Sam Adam Jr., who delivered a sometimes theatrical opening and closing at Blagojevich’s first trial, will officially ask to withdraw from the case at a Friday hearing, said another Blagojevich attorney, Sheldon Sorosky. U.S. District Judge James Zagel has the final say in whether Adam can leave.
A nearly $3 million fund Blagojevich drew on at his first trial to pay his team of more than a dozen attorneys has run dry. Now that taxpayers must foot the bill for Blagojevich’s defense, Zagel has said he’ll only allow the impeached governor to have two attorneys.
That, plus pressure on Blagojevich attorneys to represent clients in other cases, led the to the decision to try and withdraw, Sorosky said. Adam’s father, Sam Adam Sr., and attorney Michael Gillespie also will ask to leave before the January retrial, though Gillespie could serve as a paralegaal, Sorosky said.
“Everybody would like to stay, but it wasn’t possible,” Sorosky said.

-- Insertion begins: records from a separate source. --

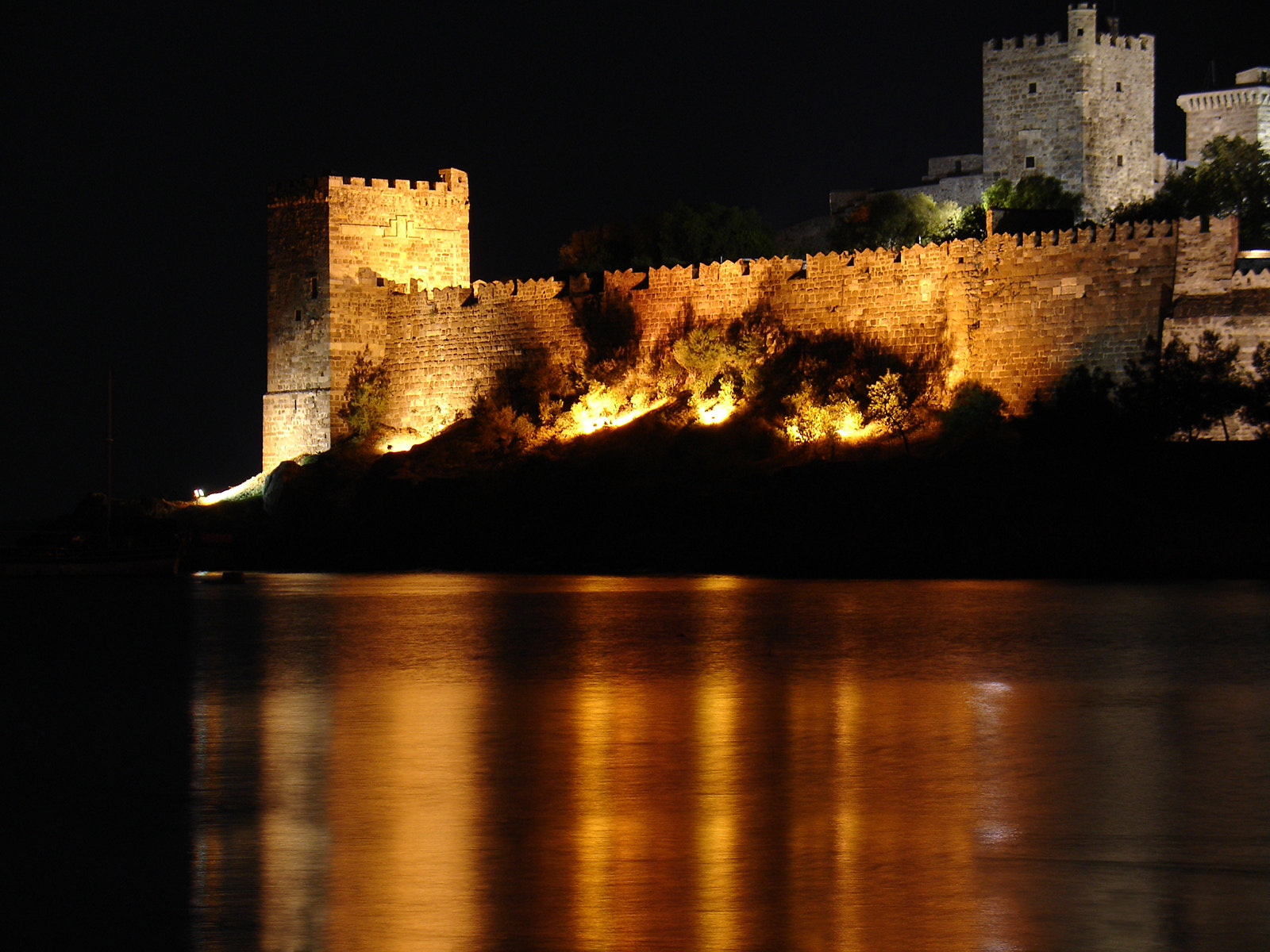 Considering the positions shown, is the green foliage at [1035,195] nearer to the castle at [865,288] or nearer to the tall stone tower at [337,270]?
the castle at [865,288]

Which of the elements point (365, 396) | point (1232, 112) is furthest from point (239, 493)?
point (1232, 112)

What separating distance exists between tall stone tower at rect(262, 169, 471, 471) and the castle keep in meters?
0.04

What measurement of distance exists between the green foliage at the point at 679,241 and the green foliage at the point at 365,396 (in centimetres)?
727

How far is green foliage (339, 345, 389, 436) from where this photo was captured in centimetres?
3647

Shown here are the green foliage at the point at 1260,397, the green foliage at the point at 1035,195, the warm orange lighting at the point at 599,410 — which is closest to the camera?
the green foliage at the point at 1260,397

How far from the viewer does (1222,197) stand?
38875 millimetres

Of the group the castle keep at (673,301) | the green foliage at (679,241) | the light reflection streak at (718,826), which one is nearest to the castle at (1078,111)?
the green foliage at (679,241)

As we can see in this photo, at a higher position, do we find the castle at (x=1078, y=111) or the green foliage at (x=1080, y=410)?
the castle at (x=1078, y=111)

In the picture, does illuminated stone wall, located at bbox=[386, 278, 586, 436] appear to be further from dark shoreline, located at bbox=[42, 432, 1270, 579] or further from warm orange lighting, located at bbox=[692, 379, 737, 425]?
warm orange lighting, located at bbox=[692, 379, 737, 425]

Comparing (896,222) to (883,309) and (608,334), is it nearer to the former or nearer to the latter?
(608,334)

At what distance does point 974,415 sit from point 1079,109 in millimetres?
18050

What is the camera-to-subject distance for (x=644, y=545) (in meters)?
28.0

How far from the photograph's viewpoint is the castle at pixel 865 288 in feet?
86.0

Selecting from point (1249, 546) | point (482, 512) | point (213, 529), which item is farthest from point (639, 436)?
point (1249, 546)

Jurors in August convicted Blagojevich of lying to the FBI but were unable to agree on 23 other counts. Among the deadlocked counts he’ll be retried on is the allegation he tried to sell or trade the appointment to President Barack Obama’s former Senate seat.
If the judge agrees to let the others go, that would leave Sorosky and Aaron Goldstein as the primary attorneys.
Sorosky is a Blagojevich family friend who appeared with him in court the day agents arrested the then-governor in 2008. The younger Goldstein cross-examined several key prosecution witnesses during the first trial.
In Thursday’s filing, Adam Jr. and Adam Sr. said they could continue to advise Blagojevich and assist with trial strategy. Both attorneys, the filing said, “remain constant in their advocacy of former Gov. Blagojevich’s innocence.”
A later statement from Blagojevich spokesman Glenn Selig also pointed to money as the main reason for their departures.
“Financial realities make it impossible for the Adams to continue as lead attorneys,” Selig said.
A message seeking comment was left at the Adams’ law office.
Adam Jr., 38, made his name at Chicago’s gritty Criminal Courts Building, where his closing arguments once helped acquit R&B singer R. Kelly on child pornography charges. In the more staid federal court, his theatrics sharply contrasted prosecutors cool, just-the-facts style.
During Blagojevich’s trial, he explained his objective is to both tell a story and put on a show — as a way to win jurors over. But he often clashed with the stern Zagel, who once threatened to hold Adam in contempt.